* _Assigned task_:
Among the entries that follow, locate the line with "Then we should" and the line with "The subtitles say". Output those lines and all lines in between, exactly, minus the pictures.

* _Information provided_:
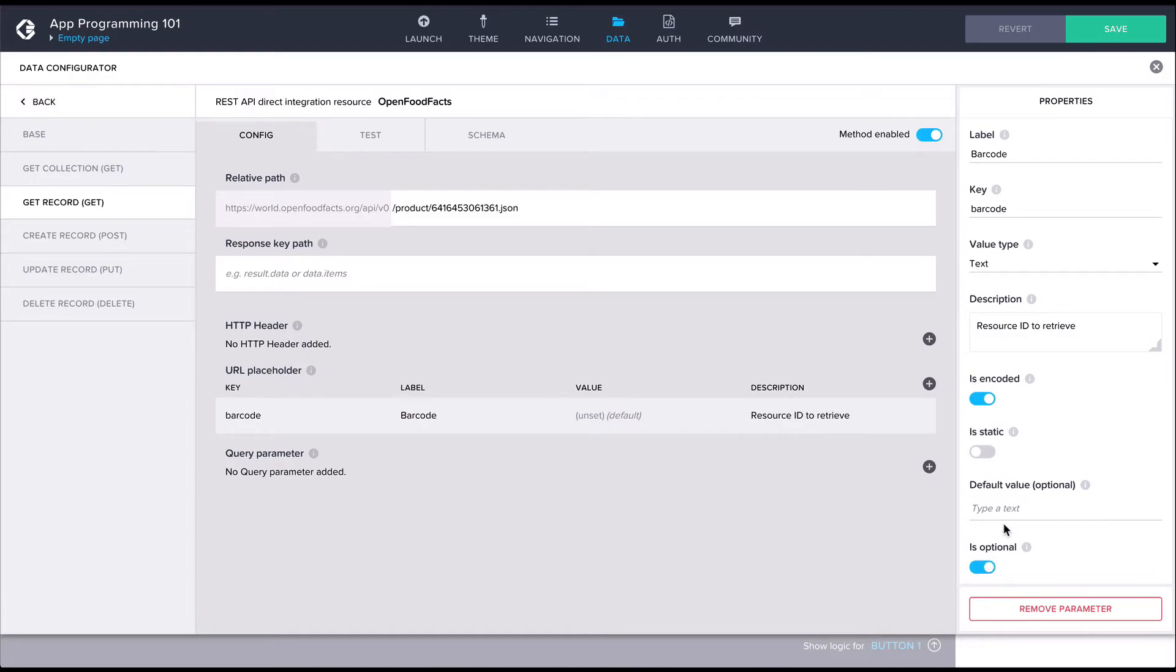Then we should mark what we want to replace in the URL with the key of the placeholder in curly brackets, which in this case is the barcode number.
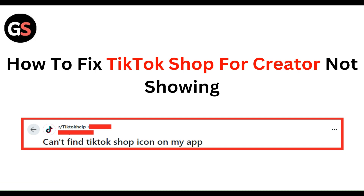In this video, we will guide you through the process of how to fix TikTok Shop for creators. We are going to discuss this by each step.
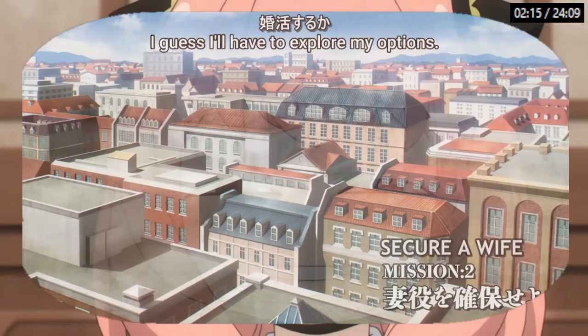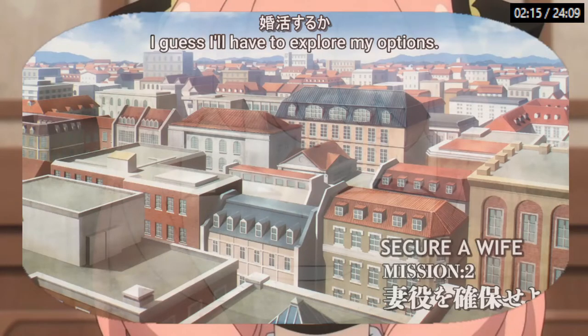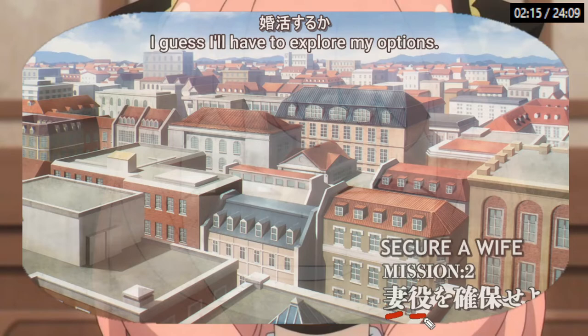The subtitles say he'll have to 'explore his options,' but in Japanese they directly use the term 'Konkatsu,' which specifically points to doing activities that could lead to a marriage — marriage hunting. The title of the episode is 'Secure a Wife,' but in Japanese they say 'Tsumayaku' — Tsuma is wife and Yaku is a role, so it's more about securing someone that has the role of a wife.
...
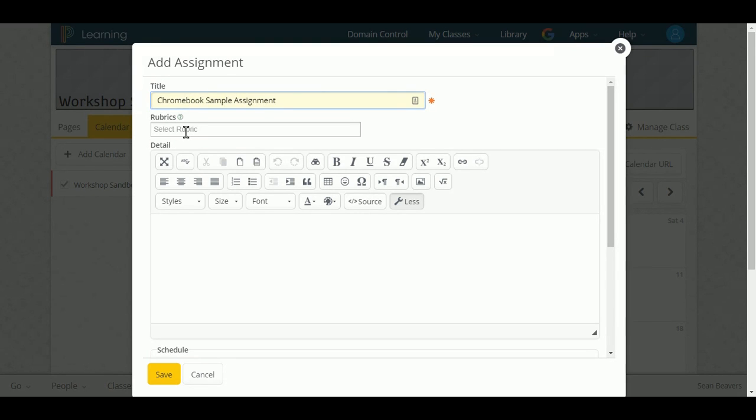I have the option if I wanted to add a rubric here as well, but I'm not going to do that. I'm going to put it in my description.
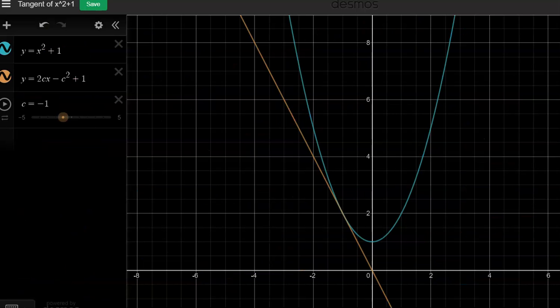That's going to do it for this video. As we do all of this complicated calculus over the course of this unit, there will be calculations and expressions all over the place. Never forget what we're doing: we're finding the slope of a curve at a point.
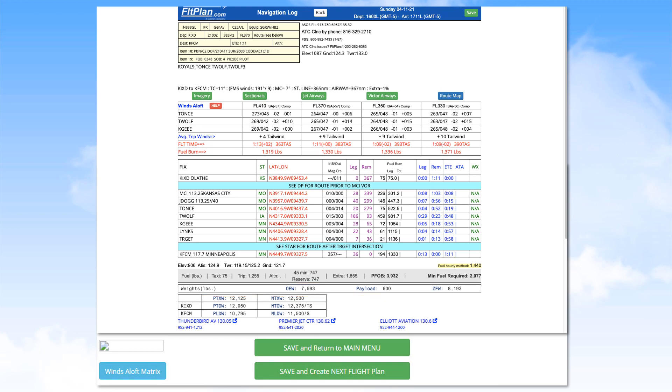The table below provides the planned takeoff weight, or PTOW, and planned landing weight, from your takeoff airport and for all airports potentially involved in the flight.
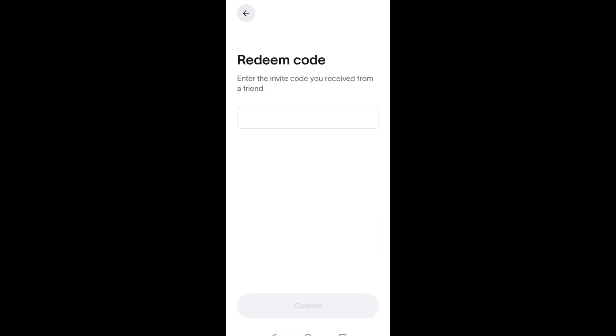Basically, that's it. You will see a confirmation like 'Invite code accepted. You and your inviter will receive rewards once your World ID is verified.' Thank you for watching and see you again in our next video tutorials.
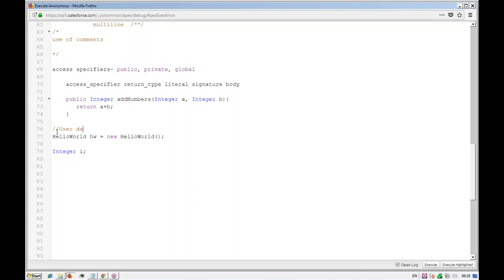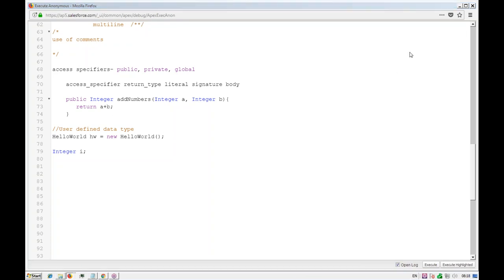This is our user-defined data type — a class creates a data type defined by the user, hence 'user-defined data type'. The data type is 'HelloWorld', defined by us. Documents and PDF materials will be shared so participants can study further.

* _Problem solution_:
Then we should mark what we want to replace in the URL with the key of the placeholder in curly brackets, which in this case is the barcode number.
In this video, we will guide you through the process of how to fix TikTok Shop for creators. We are going to discuss this by each step.
The subtitles say he'll have to 'explore his options,' but in Japanese they directly use the term 'Konkatsu,' which specifically points to doing activities that could lead to a marriage — marriage hunting. The title of the episode is 'Secure a Wife,' but in Japanese they say 'Tsumayaku' — Tsuma is wife and Yaku is a role, so it's more about securing someone that has the role of a wife.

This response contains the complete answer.